まずこれだけ読むのは大変だろう、と感心する。さらに取り上げられない作品も読んでいるだろうから、まっとうに考えれば尋常な量ではない。もしかして送られてきた全同人誌の全作品に目を通すのだろうか。詩や俳句なら必ずしもさほどと思わないが、小説の応募といえば各誌の新人賞の選考でも編集部総出に下読みの外注さんと、大わらわになる。それほどではないにせよ、季刊であれば年四回、三ヶ月の間に溜まった同人誌を時評担当者が二人で読み尽くすと、原理的にはそういうことになる。
それだけの労力をかければ、権威的にもなりたくなるのが人情というものではないかと思うが、そういう気配はない。これは自分の好みかもしれないけれど、といった趣味的なものをあっさり認める発言も散見し、ようは、善し悪しを判断する原則や状況の本質を見極めようといった姿勢がないのだ。
そのことは、たとえば新人賞の選考委員による授賞理由というようなものとは対照的だ。その賞へ向けて(ということで)書かれ、熱意を持って応募されてきたものから選ぶのとは違う、ただ全国で発行されているものを(いちおう)網羅し、俯瞰で眺めていることだけですでに意義がある、というふうにも思える。
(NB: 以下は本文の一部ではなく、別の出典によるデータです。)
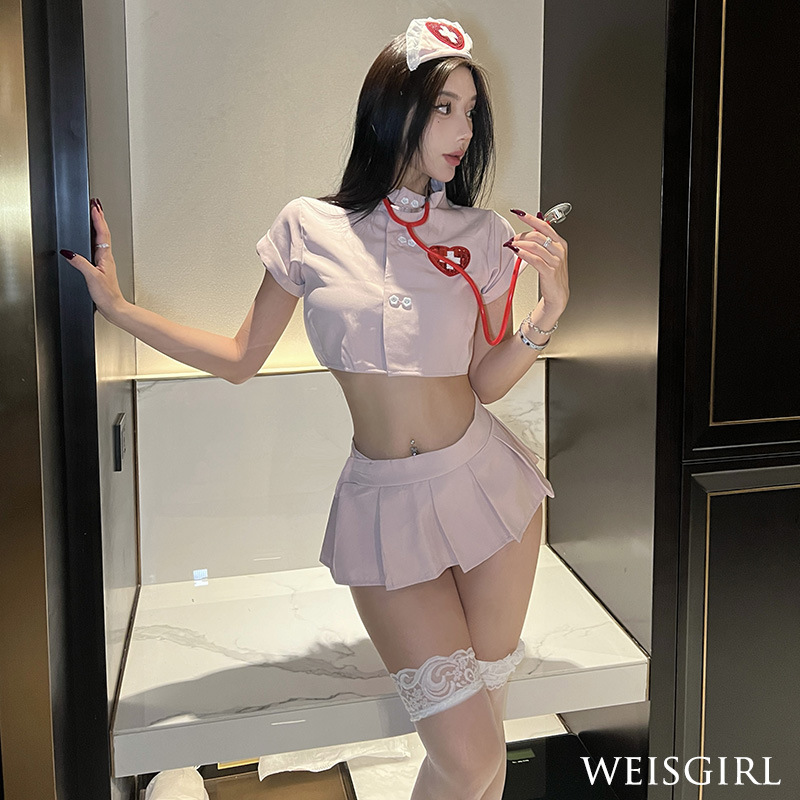 Cute Semi-Transparent No-Take-Off Small-Breasted Maid Suit Pure Desire Cos Doctor Nurse Outfit Bed Uniform Sexy Intimates for Women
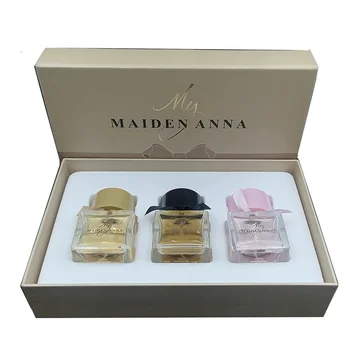 Factory wholesale floral fragrance light fragrance women's perfume three bottles gift box suit
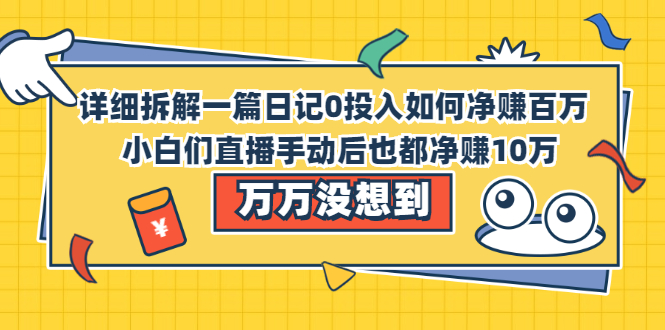 详细拆解一篇日记0投入如何净赚百万，小白们直接复制后也都净赚10万-尖峰创圈资源站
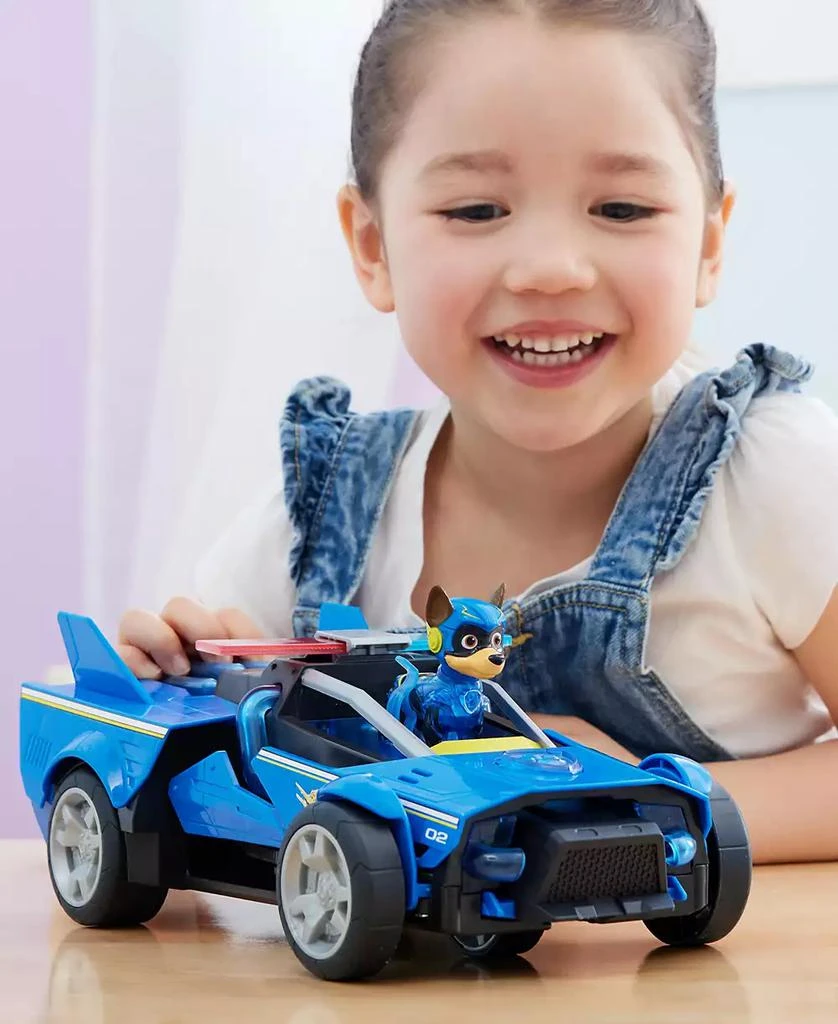 Paw Patrol The Mighty Movie, Chase's Mighty Converting Cruiser with Mighty Pups Action Figure, Lights and Sounds 9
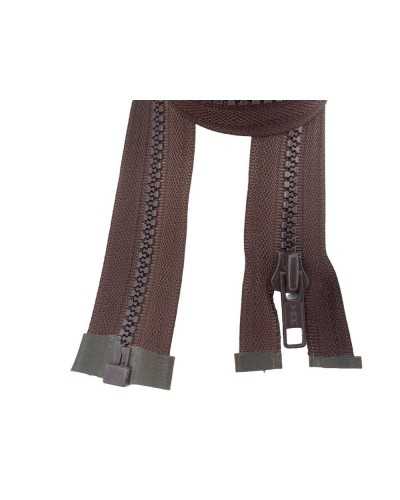 Cerniera Chiusura Zip Lampo Plastica Pressofusa Carrarmato YKK Divisibile Marrone Cm 52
しかし、それら趣味が反映されていることを認める会話の中には、自分たちが私小説ばかり取り上げると同人誌の後記に書かれていた、といったことも含まれている。つまりは三田文学の同人誌評は、厳然とした制度であり、その場がその頂点であることをも自覚はしているのだ、ということだ。
かといって、そこで取り上げられても、すぐにだからどうということはない。商業文芸誌に転載されたり、繰り返し名前が挙がったりすることで徐々に注目されるということがないこともない、という話である。何と言っても、誰にも頼まれることなく、放っておいても出ている同人誌のことだ。商業文芸誌に吸い上げられたい、ただそれだけのために書き続けていると決めつけるのも失敬である。と、そう考えることがまた、逃げ道にもなってくれる。
かつては文學界で、まさしく「公器」の義務として為されていた感のあった同人誌評が、三田文学に譲り受けられたことは、大きくは二つの効果をもたらした。一つは言うまでもなく、三田文学が「公器」としての役割の一部を担うものだという印象を与えたことだ。二つ目はしかし、以前と比べても、聞いたことのない批評家ばかりを露出させたり、同人誌作家同士の往復書簡を掲載したりするなど、三田文学はかつてないほど同人誌化している。したがって三田文学の同人誌評とは、同人誌間におけるそれであって、文壇から俯瞰した同人誌一覧とは違うものだ、とも思える。
そこまで考えれば、ではさて文壇とは、という問いへの解を三田文学が示している。同人誌から三田文学へ移りゆく過程に変化はなく、三田文学的なるものが実は文學界の前身だったとしたら。まあ、つまり文壇のお里は同人誌なのだが、別に恥じることもあるまい。